Richie Rich, Heatherette
Admittedly, Rich said he and Rains didn't have a true business plan mapped out when they launched the brand in 1999. In September 2004, however, the duo created Heatherette LLC when they partnered with Norman and Bruce Weisfeld, managing partners of the Weisfeld Group, which is also an investor in Fubu. Rich said he knew Norman “couldn't be that bad,” when he visited his office for an initial meeting and spied works by famed downtown artist Keith Haring hanging on the wall.
“We ventured out two-and-a-half years ago specifically to build a brand,” Rich said of his partnership with the Weisfeld Group. “We wanted to get the higher-end line in the store before we did the big commercial line.”
Heatherette launched at Henri Bendel here with a bang last August. The windows of the Fifth Avenue specialty store were designed by photographer David LaChapelle and featured odes to Heatherette muses Paris Hilton as well as Amanda Lepore, who sat in a window for two days applying lipstick at a mock boudoir.

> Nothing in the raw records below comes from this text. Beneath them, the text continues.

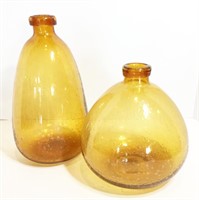 Two Amber Glass Vases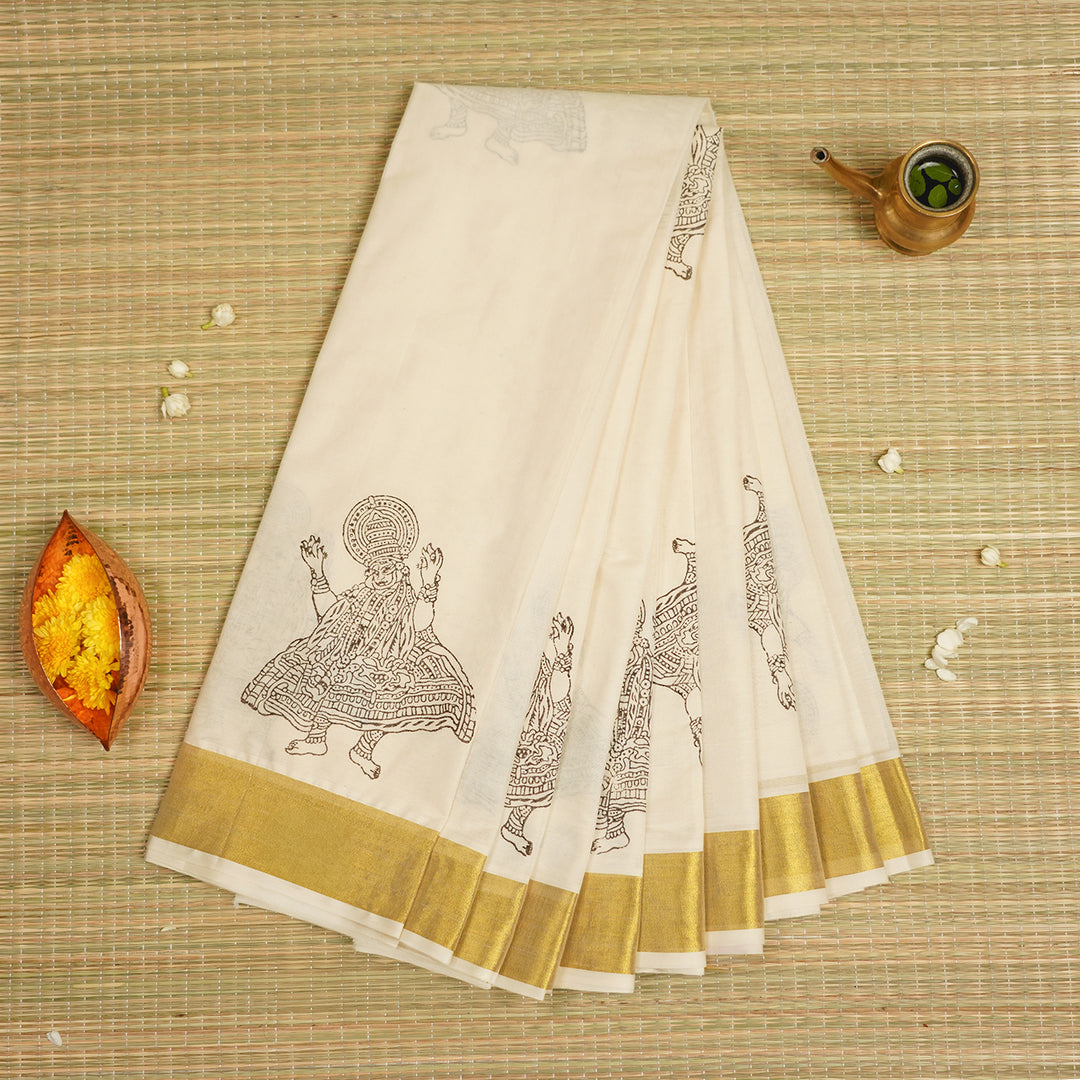 Kathakali Motif Saree | Hand Block Printed Pure Cotton Kerala Kasavu Saree | Onam Special | 5.5m + 80cm Blouse Piece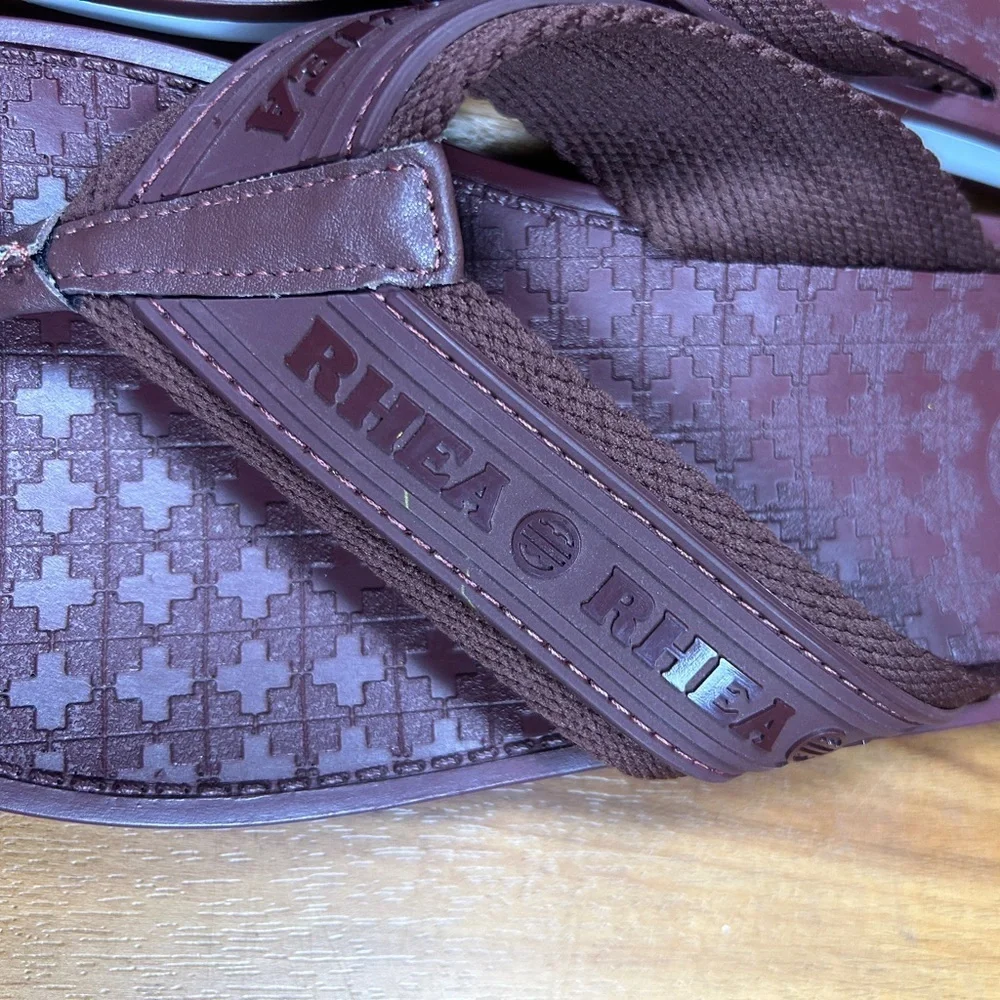 Rhea Men's Casual Wine color Flip-Flops Vepo Sandals‎ Burgundy Size 8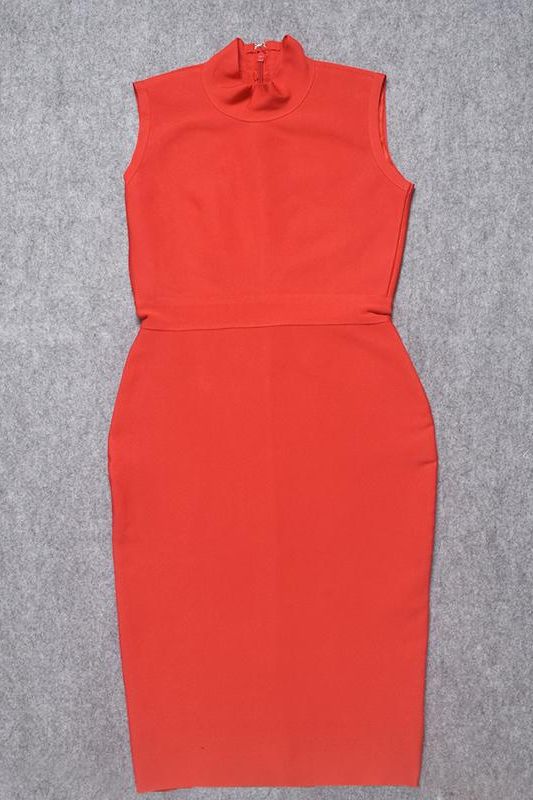 Grace Bandage Midi Dress Lipstick Red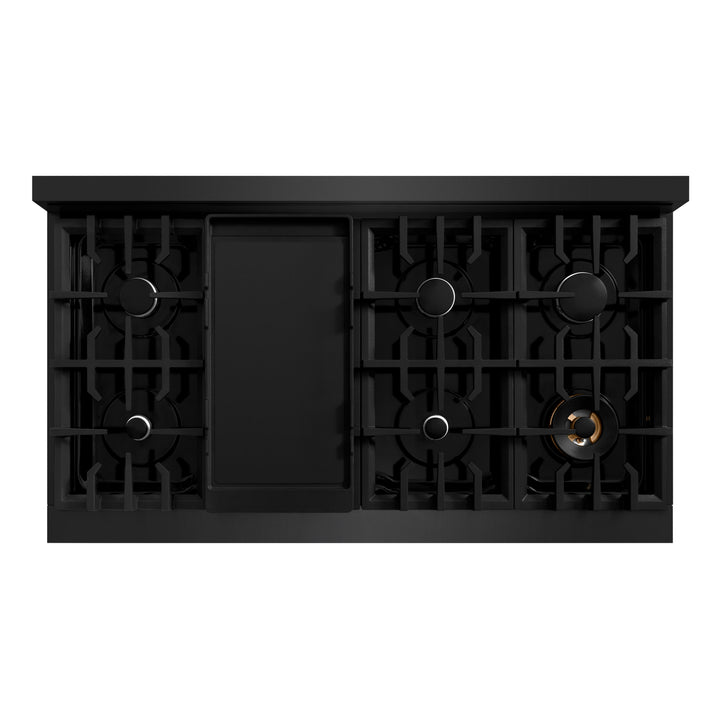 ZLINE 48 in. 6.7 cu. ft. Classic Double Oven Gas Range with 8 Burner Cooktop in Black Stainless Steel, Open Box-Excellent Condition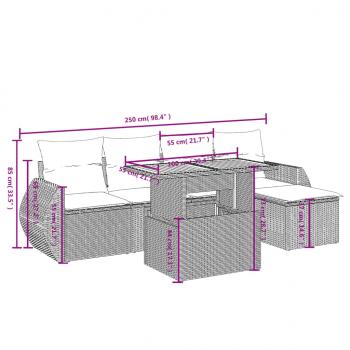 6-tlg. Garten-Sofagarnitur mit Kissen Grau Poly Rattan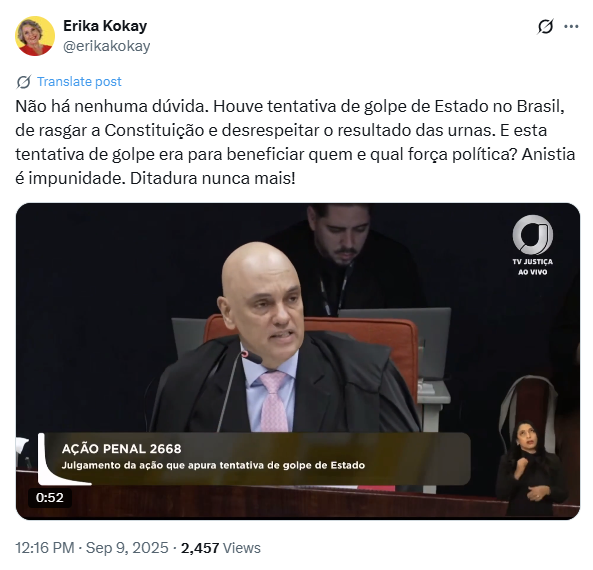 A deputada petista Erika Kokay (DF) comemorou: 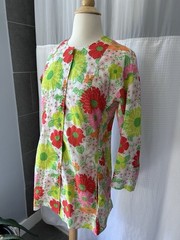 Vintage Lord and Taylor Retro Floral Button 60s Jacket
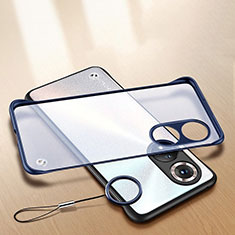 Transparent Crystal Frameless Hard Case Back Cover H02 for Huawei Honor 50 5G Blue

“To the onlooker, Heatherette has always been a bit tongue-in-cheek or they'd say it's not wearable,” Rich said. “But we started in our studio apartment, then we saw our designs on Gwen Stefani in Us Weekly, then we saw our jeans featured in Vogue,” he said, noting the progression of the brand. “I was elated that our jeans were in Vogue and not some crazy concoction because that's what we wear every day. This is the evolution we've been going through.”
Rich and Rains said the infrastructure in place at the Weisfeld Group has allowed them the ability to manufacture this collection. “Doing a young contemporary collection is exciting, but we definitely are antsy about the idea of [a consumer] walking into a department store and not getting the whole concept,” Rich said. “But we recently met Tommy Hilfiger and our shop [in Federated] is next to his and he gave us the thumbs up.”
Rich and Rains dismissed the idea of licensing the new collection and opted to do it themselves. “The idea of licensing it was tossed around and people approached us, but we were never in this for financial gain,” Rich said. “We weren't going to slap the Heatherette name on some line. Our friends still have to love it. Traver and I aren't sitting on the beach on St. Barth's. We go to work every day.”
Perhaps this is just the start for Heatherette. This July, Rich said he'd like to have a runway show devoted solely to the juniors line, followed by the runway show during fashion week here in September that will showcase Heatherette by Rich and Rains. He also said that within the year he'd like to launch lingerie, cosmetics, shoes and handbag collections. Then the focus shifts to Tokyo, as that's where the first Heatherette store is slated to open by the end of this year. “They have such a great eye and no fear over there. They really embrace Heatherette,” said Rich.
But for now, Rich is focusing on the juniors line.
“Our customers are not all models on the runway,” Rich said. “It's fun dabbling in reality.”